====== SOURCE RECORDS

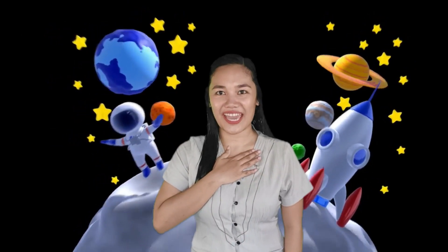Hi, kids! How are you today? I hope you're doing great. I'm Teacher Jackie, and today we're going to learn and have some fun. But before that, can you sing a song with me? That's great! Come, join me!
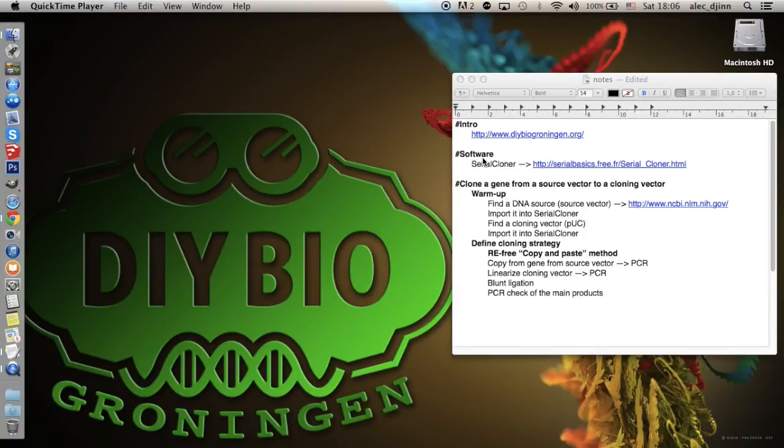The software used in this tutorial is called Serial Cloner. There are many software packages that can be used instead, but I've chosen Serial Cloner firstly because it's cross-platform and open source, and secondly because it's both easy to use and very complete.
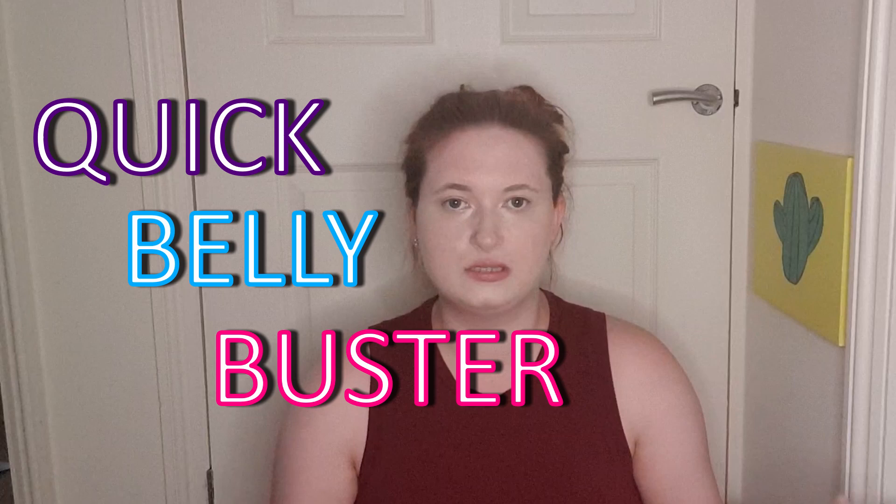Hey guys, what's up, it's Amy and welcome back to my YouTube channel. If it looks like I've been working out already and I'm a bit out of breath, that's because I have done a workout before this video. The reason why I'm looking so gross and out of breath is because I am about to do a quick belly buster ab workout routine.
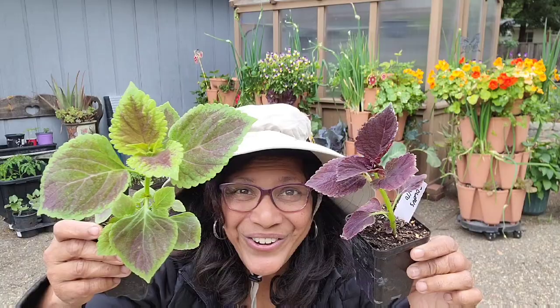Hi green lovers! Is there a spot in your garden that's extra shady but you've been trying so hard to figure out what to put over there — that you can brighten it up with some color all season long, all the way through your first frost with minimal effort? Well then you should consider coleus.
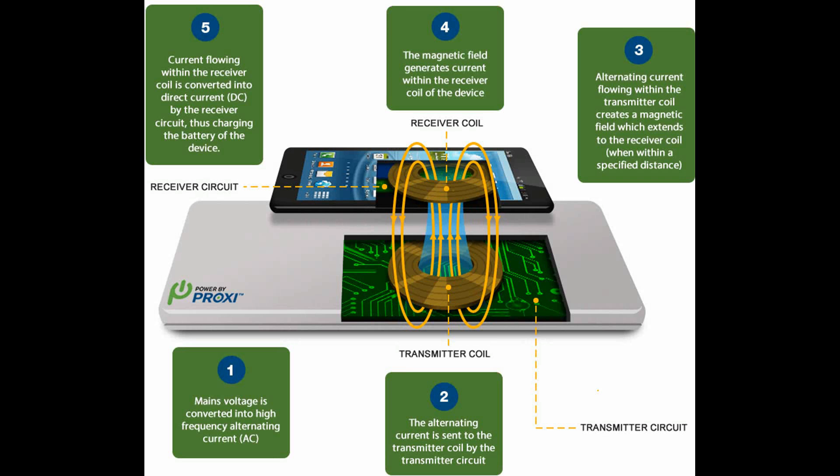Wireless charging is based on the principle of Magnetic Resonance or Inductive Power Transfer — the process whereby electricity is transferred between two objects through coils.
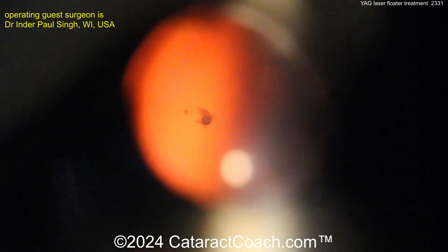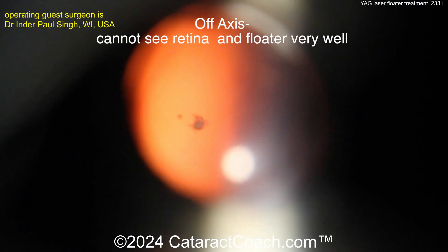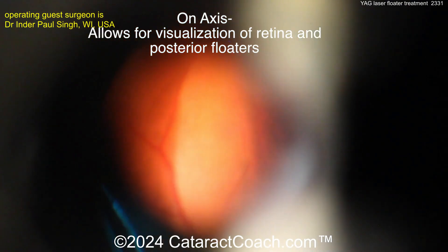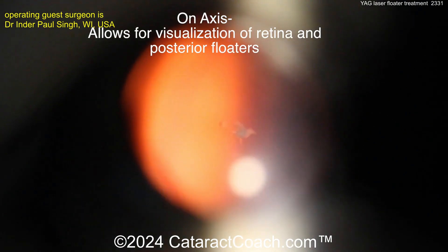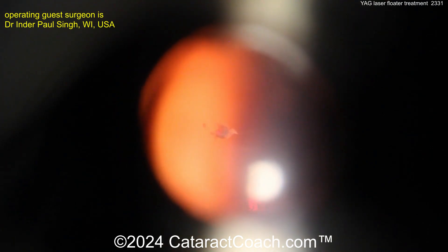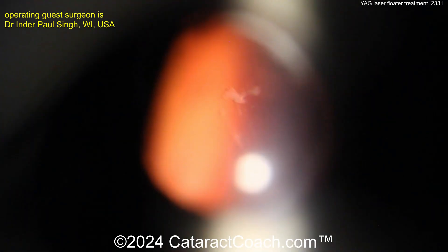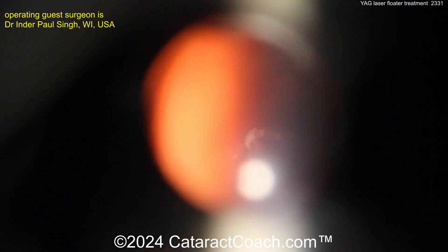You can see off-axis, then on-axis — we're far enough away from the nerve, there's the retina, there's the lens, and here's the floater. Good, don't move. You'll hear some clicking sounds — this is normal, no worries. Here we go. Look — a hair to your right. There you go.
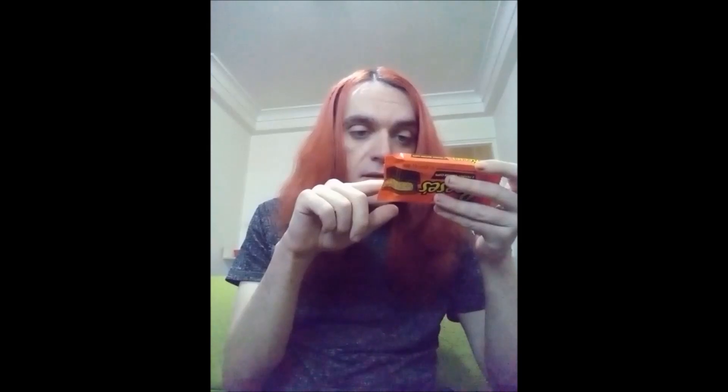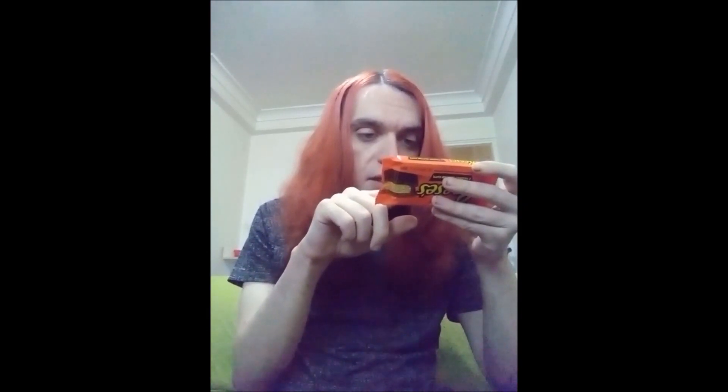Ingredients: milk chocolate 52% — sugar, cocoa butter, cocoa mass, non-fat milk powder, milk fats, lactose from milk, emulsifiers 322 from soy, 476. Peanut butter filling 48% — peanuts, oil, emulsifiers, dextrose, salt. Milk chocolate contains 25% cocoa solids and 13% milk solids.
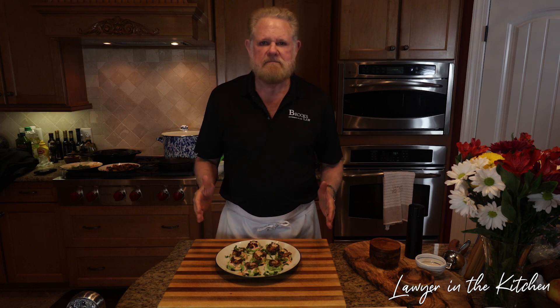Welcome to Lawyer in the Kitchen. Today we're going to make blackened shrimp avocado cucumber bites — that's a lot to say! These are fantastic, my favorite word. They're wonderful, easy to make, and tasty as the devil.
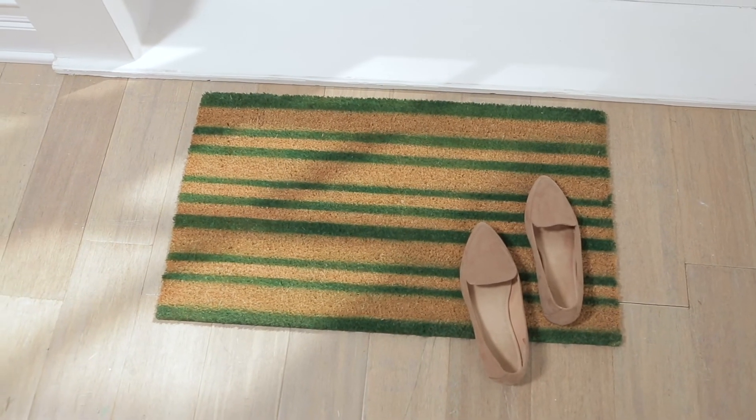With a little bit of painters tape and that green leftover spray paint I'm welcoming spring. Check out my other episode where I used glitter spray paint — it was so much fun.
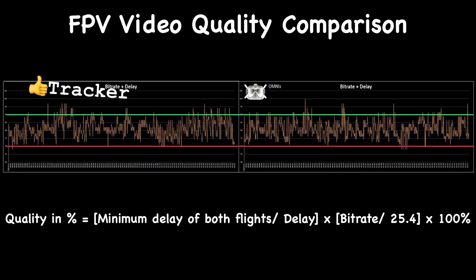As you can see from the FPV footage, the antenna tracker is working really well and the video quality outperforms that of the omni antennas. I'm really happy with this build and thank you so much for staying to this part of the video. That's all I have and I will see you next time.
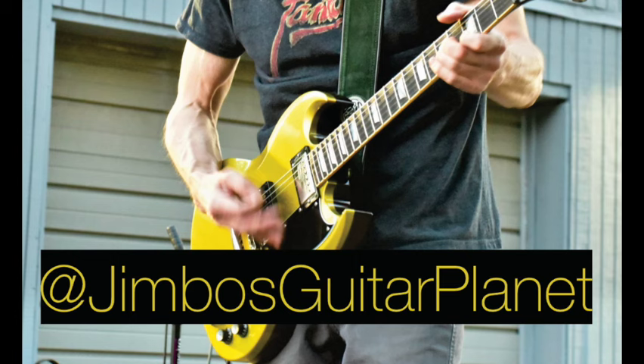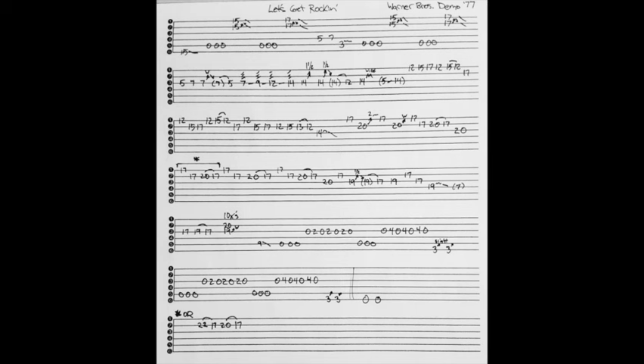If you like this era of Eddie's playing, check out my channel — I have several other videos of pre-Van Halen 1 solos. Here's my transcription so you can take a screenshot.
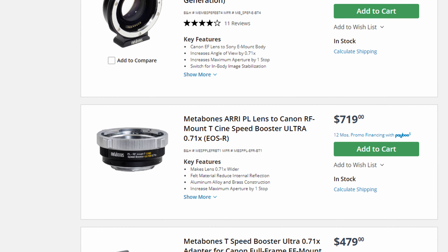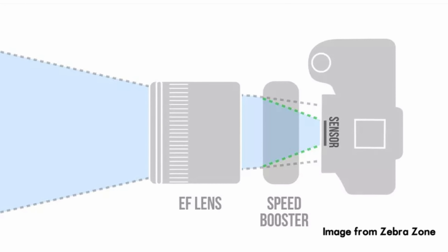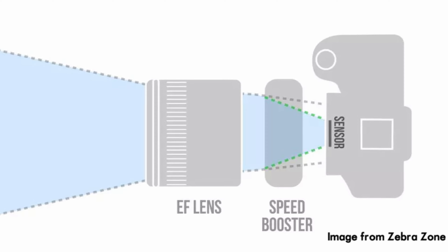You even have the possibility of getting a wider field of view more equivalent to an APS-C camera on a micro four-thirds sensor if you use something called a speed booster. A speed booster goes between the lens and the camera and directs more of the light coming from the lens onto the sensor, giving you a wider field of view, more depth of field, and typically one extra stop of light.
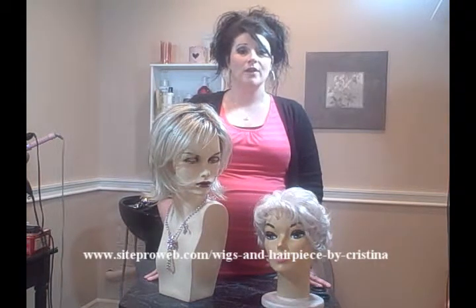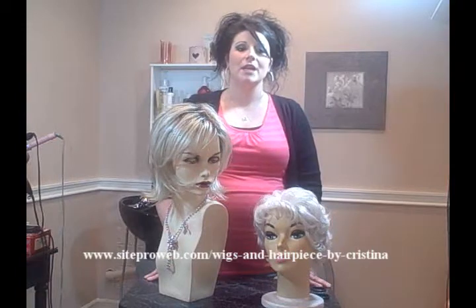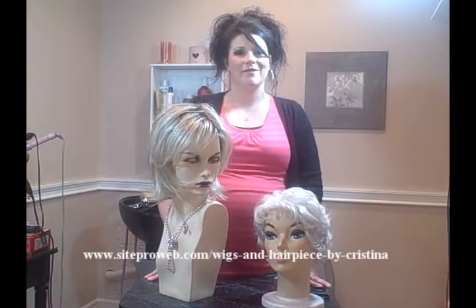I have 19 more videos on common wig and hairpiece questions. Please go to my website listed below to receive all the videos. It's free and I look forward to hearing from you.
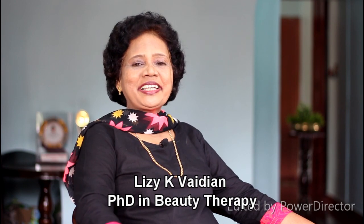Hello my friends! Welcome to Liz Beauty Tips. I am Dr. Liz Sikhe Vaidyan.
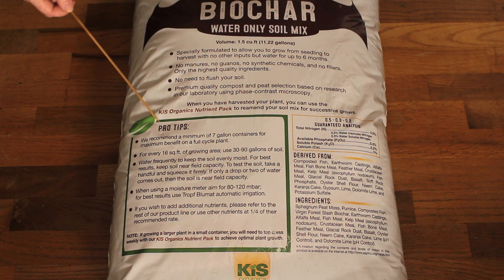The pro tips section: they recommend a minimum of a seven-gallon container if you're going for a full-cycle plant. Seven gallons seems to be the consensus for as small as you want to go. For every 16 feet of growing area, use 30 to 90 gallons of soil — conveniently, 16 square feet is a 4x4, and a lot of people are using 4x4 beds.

============

* AIM OF THE TASK
Working from the entries above, please transcribe only the lines from the line with "Hi green lovers!" through the line with "Wireless charging is", exactly, with both end lines and without pictures.

* RESULT FOR THIS EXERCISE
Hi green lovers! Is there a spot in your garden that's extra shady but you've been trying so hard to figure out what to put over there — that you can brighten it up with some color all season long, all the way through your first frost with minimal effort? Well then you should consider coleus.
Wireless charging is based on the principle of Magnetic Resonance or Inductive Power Transfer — the process whereby electricity is transferred between two objects through coils.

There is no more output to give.